Implementing Fuzzy Sets in SQL Server, Part 5: The Mystery of the Missing Left Join
By Steve Bolton
…………Information on set operations like complements, intersections and unions is plentiful in the literature on fuzzy sets, which made the last three articles in this series of amateur self-tutorials easier to write in a certain sense. These topics are far more complex than with ordinary “crisp” sets because there are so many different methods for calculating membership grades for the resultsets, each of which can be applied to different use cases in order to model imprecision. This can be especially useful in Behavior-Driven Development (BDD) and user stories, as well as in uncertainty management programs of all kinds, including reducing the insecurity involved in software engineering and data modeling. There may be extra steps involved in calculating these fuzzy set relations, but the topic is at least well-studied and the sources of information for the formulas are readily available. Strangely, that is not true for some of the set operations that SQL Server users encounter more often, like LEFT JOINs, INNER JOINs, OUTER JOINs, RIGHT JOINs and Cartesian Products. There are only 41 hits on Google for the terms “left join” “relational” “fuzzy set” combined, one of which is an off-hand reference from my own blog. I haven’t see these topics addressed much in the literature, which is rich in information on complements, intersections and unions, but not these common relational joins. Like many other puzzling aspects of fuzzy set theory, the reason behind this is readily apparent only after we get back to basics and frame the questions we’re asking of the database in natural language terms.

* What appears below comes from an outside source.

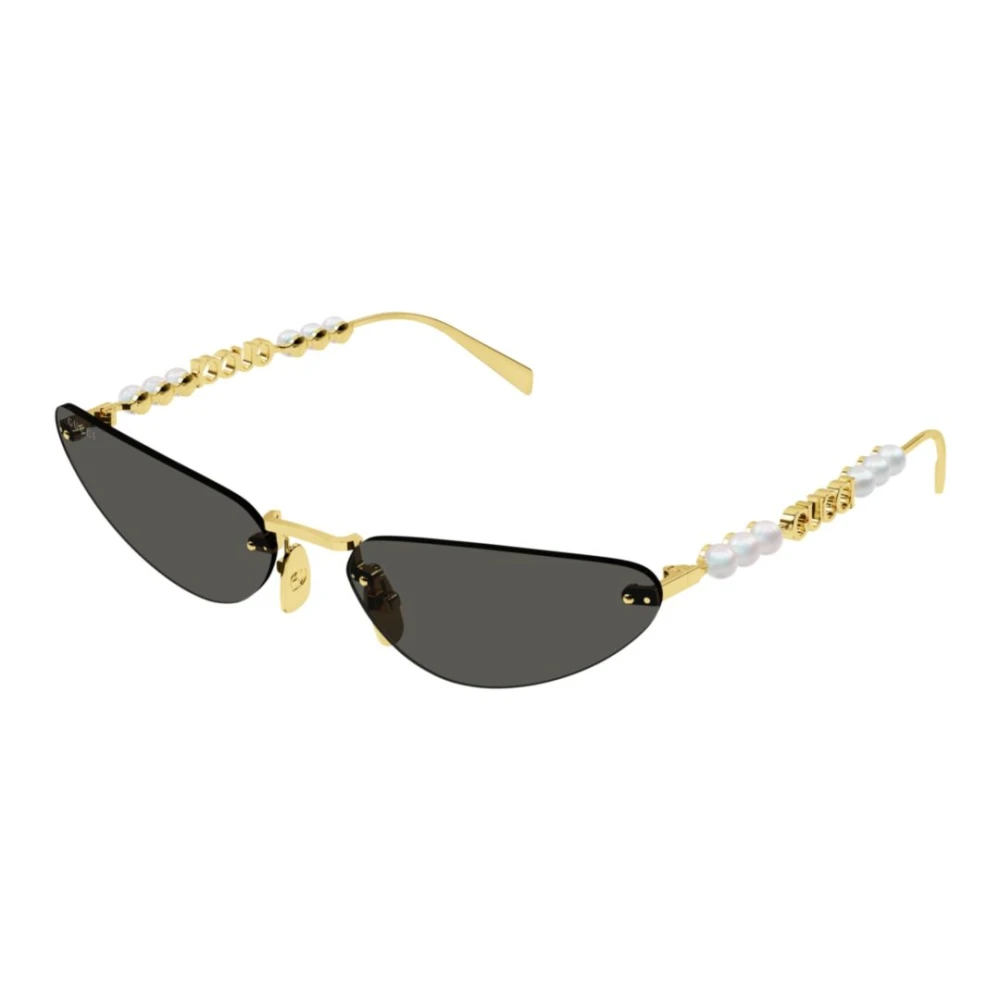 Gucci Unisex Yellow Cat Eye Sunglasses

…………This problem is easily reducible to a single enigma, which nevertheless requires a lengthy explanation. As we saw in the last two tutorials, INNER and OUTER JOIN statements are useful in deriving fuzzy intersections and unions respectively. We really can’t use the standard T-SQL INTERSECT and UNION operators for these purposes, since we need to retrieve membership function values from both sides in order to calculate membership in the resultset. For all intents and purposes, these are the principal use cases for fuzzy INNER and OUTER JOIN operations. Although I won’t rule out the possibly of some oddball set operation that requires the fuzzy versions of these statements, without qualifying as fuzzy intersections and unions, such use cases are probably pretty rare. CROSS JOIN operations are easier to explain once we realize that all fuzzy binary relations are performed on the complete crisp Cartesian Product to derive a fuzzy subset of some kind. To perform a fuzzy Cartesian Product, we would have to take the membership grades of both sets and implement a mathematical operation of some type, just like with fuzzy intersections and unions. The CROSS JOIN operator isn’t used as often in T-SQL as its kin, in large part because retrieving every possible combination of records from both sides can tax the server beyond belief, but cross products aren’t mentioned much in the fuzzy set literature for an additional reason: a wide range of fuzzy subsets of it also qualify as fuzzy intersections and unions, depending on whether they’re implemented with classes of functions known as T-norms and T-conorms. The domain of possible resultsets is no wider than the crisp CROSS JOIN, but fuzzy intersections and unions take up a far wider space within it than their crisp counterparts.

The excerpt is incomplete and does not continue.